I have never really been a member, because I have never really been sober. Even after I started AA, I dabbled in LSD, I cheated on my wife many times (some would call that "sexual addiction") and I never quit smoking. (Where's my whiskey?!) 

What was it like?

Honestly, I concocted that crock of a "religious" experience in the "Big Book". I was really battered into submission by a bunch of crazy "Oxford Group" religious fanatics, and I was so "thrilled" with the experience, that I just had to "share" it with all of you. I saw a chance to be awesome, to be better than other people, to be "Jesus Christ" for all of you sick people who need a savior. Since misery loves company, I found some reprobate doctor named  Robert Smith, and roped him into my big scheme.

What happened?

Really, nothing happened. I am still a depressed, repressed, suppressed pressure-cooker of self-righteous indignation, and I need people to know and love me, so I decided to dedicate my life to creating this "fellowship", where I can be surrounded by people who are duped into styling themselves as self-loathing losers. That way, I feel better about myself.

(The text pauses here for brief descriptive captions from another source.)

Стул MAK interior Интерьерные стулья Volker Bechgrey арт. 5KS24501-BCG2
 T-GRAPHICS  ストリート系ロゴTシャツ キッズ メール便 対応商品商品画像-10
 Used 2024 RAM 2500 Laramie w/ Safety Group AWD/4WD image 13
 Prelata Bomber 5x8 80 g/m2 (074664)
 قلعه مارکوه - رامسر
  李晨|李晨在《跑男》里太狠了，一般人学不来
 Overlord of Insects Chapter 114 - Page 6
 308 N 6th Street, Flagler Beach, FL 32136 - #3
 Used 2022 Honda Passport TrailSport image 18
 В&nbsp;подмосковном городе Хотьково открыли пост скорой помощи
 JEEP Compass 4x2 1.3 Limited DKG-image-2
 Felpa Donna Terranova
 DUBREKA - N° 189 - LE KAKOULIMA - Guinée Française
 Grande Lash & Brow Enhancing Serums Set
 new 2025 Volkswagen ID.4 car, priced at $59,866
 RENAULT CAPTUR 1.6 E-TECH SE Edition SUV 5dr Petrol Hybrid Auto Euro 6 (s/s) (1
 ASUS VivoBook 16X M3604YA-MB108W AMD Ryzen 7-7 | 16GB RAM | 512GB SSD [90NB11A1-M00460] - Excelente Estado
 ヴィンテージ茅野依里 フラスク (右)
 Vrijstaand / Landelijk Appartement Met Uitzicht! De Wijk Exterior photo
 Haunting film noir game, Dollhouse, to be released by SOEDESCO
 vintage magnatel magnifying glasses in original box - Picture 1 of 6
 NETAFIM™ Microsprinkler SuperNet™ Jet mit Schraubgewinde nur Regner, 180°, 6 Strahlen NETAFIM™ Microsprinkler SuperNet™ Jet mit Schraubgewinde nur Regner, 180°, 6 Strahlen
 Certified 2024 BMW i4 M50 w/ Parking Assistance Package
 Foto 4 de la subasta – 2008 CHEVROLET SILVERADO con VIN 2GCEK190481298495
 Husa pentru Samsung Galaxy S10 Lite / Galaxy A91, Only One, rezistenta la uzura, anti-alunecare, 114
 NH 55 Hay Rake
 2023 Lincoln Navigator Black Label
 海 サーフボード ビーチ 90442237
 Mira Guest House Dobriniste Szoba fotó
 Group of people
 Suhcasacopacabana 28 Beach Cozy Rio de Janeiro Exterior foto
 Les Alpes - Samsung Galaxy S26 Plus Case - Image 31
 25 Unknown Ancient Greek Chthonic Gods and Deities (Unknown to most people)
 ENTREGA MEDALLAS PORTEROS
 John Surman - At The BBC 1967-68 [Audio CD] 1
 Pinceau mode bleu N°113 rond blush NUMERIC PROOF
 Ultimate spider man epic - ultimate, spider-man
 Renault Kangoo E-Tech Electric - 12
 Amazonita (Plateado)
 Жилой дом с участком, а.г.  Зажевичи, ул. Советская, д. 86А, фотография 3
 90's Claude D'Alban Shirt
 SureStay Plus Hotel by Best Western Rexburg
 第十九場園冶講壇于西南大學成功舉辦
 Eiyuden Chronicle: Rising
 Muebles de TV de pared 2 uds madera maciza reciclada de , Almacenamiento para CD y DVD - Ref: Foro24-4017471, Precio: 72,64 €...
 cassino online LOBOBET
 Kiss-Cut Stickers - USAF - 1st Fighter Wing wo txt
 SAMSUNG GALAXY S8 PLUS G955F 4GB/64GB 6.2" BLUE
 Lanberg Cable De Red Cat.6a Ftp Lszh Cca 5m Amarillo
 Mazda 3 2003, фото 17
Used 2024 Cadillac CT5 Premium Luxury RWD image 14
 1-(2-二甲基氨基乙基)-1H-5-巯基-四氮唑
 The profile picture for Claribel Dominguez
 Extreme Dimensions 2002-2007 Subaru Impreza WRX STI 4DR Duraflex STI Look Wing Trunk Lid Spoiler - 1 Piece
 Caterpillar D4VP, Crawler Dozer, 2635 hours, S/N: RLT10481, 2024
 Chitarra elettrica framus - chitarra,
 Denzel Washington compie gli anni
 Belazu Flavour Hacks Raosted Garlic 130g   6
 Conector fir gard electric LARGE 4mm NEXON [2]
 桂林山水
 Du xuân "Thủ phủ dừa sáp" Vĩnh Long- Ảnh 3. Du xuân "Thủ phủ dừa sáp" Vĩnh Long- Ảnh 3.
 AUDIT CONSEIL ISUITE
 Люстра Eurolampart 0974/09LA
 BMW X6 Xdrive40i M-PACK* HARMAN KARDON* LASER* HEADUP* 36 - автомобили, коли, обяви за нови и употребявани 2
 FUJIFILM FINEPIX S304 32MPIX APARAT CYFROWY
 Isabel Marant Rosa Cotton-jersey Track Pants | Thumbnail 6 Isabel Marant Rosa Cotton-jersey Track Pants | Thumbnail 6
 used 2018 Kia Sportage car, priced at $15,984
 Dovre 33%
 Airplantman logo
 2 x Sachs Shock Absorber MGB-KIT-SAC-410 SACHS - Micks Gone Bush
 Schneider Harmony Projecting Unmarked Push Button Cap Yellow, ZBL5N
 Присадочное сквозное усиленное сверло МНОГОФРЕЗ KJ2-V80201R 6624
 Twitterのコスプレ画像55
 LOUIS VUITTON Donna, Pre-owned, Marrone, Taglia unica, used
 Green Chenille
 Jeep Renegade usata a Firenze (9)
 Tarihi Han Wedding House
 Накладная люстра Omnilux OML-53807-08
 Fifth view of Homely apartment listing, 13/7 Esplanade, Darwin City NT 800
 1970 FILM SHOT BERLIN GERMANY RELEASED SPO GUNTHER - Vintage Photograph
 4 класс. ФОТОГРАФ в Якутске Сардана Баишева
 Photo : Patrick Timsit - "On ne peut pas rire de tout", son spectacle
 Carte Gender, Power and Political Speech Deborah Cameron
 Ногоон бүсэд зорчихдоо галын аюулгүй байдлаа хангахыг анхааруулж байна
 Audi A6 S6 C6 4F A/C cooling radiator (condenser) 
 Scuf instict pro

To make sure that you remain losers, I commit you to identifying with their your failing. Every one of you must confess that you are an "alcoholic", and that you will never be anything other than that.

You do not share your name, since I want to remove any sense of self-respect in your life. You are an alcoholic, because that is what I say that you are. Like another well-known cult leader taught me, "Repeat a lie often enough. . ."

To make sure that you never shake that sense of shame, you always identify yourself as an alcoholic. You take a "painstaking" inventory of all your shortcomings, and confess it to someone who will probably use it against you later on, no doubt. Of course, the criteria for this "fearless moral inventory" is never articulated for you, so you walk around forever wondering and wandering whether you have done a thorough "house cleaning". That sense of guilt will never go away, and so you will keep coming back because if it's not working, it must be your fault! See how my sick scheme works?

What it's like now?

Well, you're all here listening to me vent, aren't you? I would say, "I like it very much". No one ever gets sober in an AA meeting. People get sober because they stop trying to fix themselves and let go of their "self-preoccupation". In the meetings, I want you forever fixated on yourself, so that you will never get better.

No one is really sober in AA, anyway, with all the cigarettes, cookies, cakes, and  coffee in full and running supply. All of those old-timers, like me, love our coffee, and we love to smoke cigarettes! Even though I can't breathe on my own any more *cough* *hack* *spew*, I still smoke. When I have to choose between my oxygen tank and another drag on a cigarette, I puff away.

The government makes most of you come, too, since that's the easiest way to keep the numbers up. The government likes making people dependent, as do I. 95% of you who enter the meetings never stay, and so many of you keep killing yourselves! I will never get my ego-fix if none of you show up on a regular basis!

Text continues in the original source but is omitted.